What is being asked: Nothing below is to be printed except the lines between the line holding "vidaXL Mesa de" and the line holding "Sunglasses Organizer Box", inclusive, each exactly as it appears.

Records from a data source

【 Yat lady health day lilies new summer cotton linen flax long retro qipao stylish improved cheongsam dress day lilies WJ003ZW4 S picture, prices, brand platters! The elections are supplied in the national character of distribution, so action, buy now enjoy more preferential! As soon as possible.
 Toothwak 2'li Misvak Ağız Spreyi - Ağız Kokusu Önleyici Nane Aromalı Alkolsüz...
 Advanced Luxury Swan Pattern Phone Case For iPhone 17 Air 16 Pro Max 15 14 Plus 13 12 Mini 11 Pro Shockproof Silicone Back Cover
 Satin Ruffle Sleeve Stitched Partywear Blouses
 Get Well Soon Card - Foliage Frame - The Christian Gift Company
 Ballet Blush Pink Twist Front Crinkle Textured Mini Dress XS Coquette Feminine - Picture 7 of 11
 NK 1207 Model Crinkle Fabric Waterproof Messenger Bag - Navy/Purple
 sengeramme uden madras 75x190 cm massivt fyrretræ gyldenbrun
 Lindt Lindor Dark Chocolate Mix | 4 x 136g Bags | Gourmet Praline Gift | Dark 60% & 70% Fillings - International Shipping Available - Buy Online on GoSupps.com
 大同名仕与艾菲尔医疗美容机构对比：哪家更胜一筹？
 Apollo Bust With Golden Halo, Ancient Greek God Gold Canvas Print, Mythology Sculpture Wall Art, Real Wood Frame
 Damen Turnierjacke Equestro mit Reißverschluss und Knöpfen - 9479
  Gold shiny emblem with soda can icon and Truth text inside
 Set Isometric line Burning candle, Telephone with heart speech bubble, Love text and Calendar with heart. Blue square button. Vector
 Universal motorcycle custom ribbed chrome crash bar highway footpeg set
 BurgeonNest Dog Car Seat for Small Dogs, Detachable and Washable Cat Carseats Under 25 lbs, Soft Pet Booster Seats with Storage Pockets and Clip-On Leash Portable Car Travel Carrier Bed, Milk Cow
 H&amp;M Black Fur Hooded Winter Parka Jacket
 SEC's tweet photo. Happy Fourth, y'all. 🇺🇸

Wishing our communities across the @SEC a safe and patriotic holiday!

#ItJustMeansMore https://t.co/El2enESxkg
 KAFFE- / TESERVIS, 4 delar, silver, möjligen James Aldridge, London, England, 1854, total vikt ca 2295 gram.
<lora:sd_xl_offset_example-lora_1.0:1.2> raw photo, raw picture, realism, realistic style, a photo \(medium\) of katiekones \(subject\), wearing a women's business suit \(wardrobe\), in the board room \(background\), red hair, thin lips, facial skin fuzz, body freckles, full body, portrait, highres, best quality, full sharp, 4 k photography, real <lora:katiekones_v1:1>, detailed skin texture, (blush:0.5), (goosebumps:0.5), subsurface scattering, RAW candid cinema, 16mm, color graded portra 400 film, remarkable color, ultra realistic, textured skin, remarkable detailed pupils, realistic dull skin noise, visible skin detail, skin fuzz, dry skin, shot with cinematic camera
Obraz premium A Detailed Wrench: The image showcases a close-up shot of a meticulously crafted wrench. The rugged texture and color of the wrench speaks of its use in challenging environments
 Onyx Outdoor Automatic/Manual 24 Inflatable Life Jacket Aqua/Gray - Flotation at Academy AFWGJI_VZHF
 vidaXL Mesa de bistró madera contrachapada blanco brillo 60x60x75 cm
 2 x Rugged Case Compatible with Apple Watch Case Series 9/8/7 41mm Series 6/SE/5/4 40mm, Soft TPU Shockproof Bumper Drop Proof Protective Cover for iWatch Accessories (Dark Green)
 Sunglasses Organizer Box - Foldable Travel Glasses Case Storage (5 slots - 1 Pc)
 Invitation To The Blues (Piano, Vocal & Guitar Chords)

Solution to the problem:
 vidaXL Mesa de bistró madera contrachapada blanco brillo 60x60x75 cm
 2 x Rugged Case Compatible with Apple Watch Case Series 9/8/7 41mm Series 6/SE/5/4 40mm, Soft TPU Shockproof Bumper Drop Proof Protective Cover for iWatch Accessories (Dark Green)
 Sunglasses Organizer Box - Foldable Travel Glasses Case Storage (5 slots - 1 Pc)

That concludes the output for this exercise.